[Activity] Word for word, repeat each entry that follows.

[Data for review]
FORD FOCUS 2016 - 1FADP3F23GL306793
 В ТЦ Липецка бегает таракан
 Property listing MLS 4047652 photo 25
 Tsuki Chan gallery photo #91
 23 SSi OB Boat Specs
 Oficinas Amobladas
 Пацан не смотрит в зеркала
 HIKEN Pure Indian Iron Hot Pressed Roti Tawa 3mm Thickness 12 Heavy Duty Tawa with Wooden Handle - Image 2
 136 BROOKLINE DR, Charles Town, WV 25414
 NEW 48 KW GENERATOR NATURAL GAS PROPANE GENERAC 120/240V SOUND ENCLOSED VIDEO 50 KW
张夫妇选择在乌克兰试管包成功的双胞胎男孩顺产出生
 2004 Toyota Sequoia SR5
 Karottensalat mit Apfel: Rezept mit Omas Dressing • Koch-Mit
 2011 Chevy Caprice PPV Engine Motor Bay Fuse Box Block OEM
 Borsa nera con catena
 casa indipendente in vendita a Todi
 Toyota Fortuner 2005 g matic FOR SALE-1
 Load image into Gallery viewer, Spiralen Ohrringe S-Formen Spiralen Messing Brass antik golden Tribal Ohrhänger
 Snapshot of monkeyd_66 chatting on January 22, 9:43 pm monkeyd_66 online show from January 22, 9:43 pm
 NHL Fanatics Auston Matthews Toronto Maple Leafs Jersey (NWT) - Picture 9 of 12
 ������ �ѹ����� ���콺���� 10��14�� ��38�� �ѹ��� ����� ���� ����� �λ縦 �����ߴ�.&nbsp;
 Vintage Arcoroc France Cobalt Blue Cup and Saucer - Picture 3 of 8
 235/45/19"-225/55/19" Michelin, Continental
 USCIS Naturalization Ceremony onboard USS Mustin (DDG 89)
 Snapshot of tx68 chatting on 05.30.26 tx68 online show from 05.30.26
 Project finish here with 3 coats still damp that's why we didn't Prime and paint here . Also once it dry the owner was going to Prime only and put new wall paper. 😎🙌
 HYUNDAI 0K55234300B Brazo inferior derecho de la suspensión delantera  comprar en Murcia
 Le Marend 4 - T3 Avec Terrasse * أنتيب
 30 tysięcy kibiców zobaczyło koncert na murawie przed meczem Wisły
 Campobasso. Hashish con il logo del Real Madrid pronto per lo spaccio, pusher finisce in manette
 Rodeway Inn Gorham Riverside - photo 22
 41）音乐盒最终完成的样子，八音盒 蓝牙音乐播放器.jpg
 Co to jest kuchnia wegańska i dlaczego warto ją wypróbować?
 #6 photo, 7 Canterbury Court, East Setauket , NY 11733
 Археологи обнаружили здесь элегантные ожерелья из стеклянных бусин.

[Your solution]
FORD FOCUS 2016 - 1FADP3F23GL306793
 В ТЦ Липецка бегает таракан
 Property listing MLS 4047652 photo 25
 Tsuki Chan gallery photo #91
 23 SSi OB Boat Specs
 Oficinas Amobladas
 Пацан не смотрит в зеркала
 HIKEN Pure Indian Iron Hot Pressed Roti Tawa 3mm Thickness 12 Heavy Duty Tawa with Wooden Handle - Image 2
 136 BROOKLINE DR, Charles Town, WV 25414
 NEW 48 KW GENERATOR NATURAL GAS PROPANE GENERAC 120/240V SOUND ENCLOSED VIDEO 50 KW
张夫妇选择在乌克兰试管包成功的双胞胎男孩顺产出生
 2004 Toyota Sequoia SR5
 Karottensalat mit Apfel: Rezept mit Omas Dressing • Koch-Mit
 2011 Chevy Caprice PPV Engine Motor Bay Fuse Box Block OEM
 Borsa nera con catena
 casa indipendente in vendita a Todi
 Toyota Fortuner 2005 g matic FOR SALE-1
 Load image into Gallery viewer, Spiralen Ohrringe S-Formen Spiralen Messing Brass antik golden Tribal Ohrhänger
 Snapshot of monkeyd_66 chatting on January 22, 9:43 pm monkeyd_66 online show from January 22, 9:43 pm
 NHL Fanatics Auston Matthews Toronto Maple Leafs Jersey (NWT) - Picture 9 of 12
 ������ �ѹ����� ���콺���� 10��14�� ��38�� �ѹ��� ����� ���� ����� �λ縦 �����ߴ�.&nbsp;
 Vintage Arcoroc France Cobalt Blue Cup and Saucer - Picture 3 of 8
 235/45/19"-225/55/19" Michelin, Continental
 USCIS Naturalization Ceremony onboard USS Mustin (DDG 89)
 Snapshot of tx68 chatting on 05.30.26 tx68 online show from 05.30.26
 Project finish here with 3 coats still damp that's why we didn't Prime and paint here . Also once it dry the owner was going to Prime only and put new wall paper. 😎🙌
 HYUNDAI 0K55234300B Brazo inferior derecho de la suspensión delantera  comprar en Murcia
 Le Marend 4 - T3 Avec Terrasse * أنتيب
 30 tysięcy kibiców zobaczyło koncert na murawie przed meczem Wisły
 Campobasso. Hashish con il logo del Real Madrid pronto per lo spaccio, pusher finisce in manette
 Rodeway Inn Gorham Riverside - photo 22
 41）音乐盒最终完成的样子，八音盒 蓝牙音乐播放器.jpg
 Co to jest kuchnia wegańska i dlaczego warto ją wypróbować?
 #6 photo, 7 Canterbury Court, East Setauket , NY 11733
 Археологи обнаружили здесь элегантные ожерелья из стеклянных бусин.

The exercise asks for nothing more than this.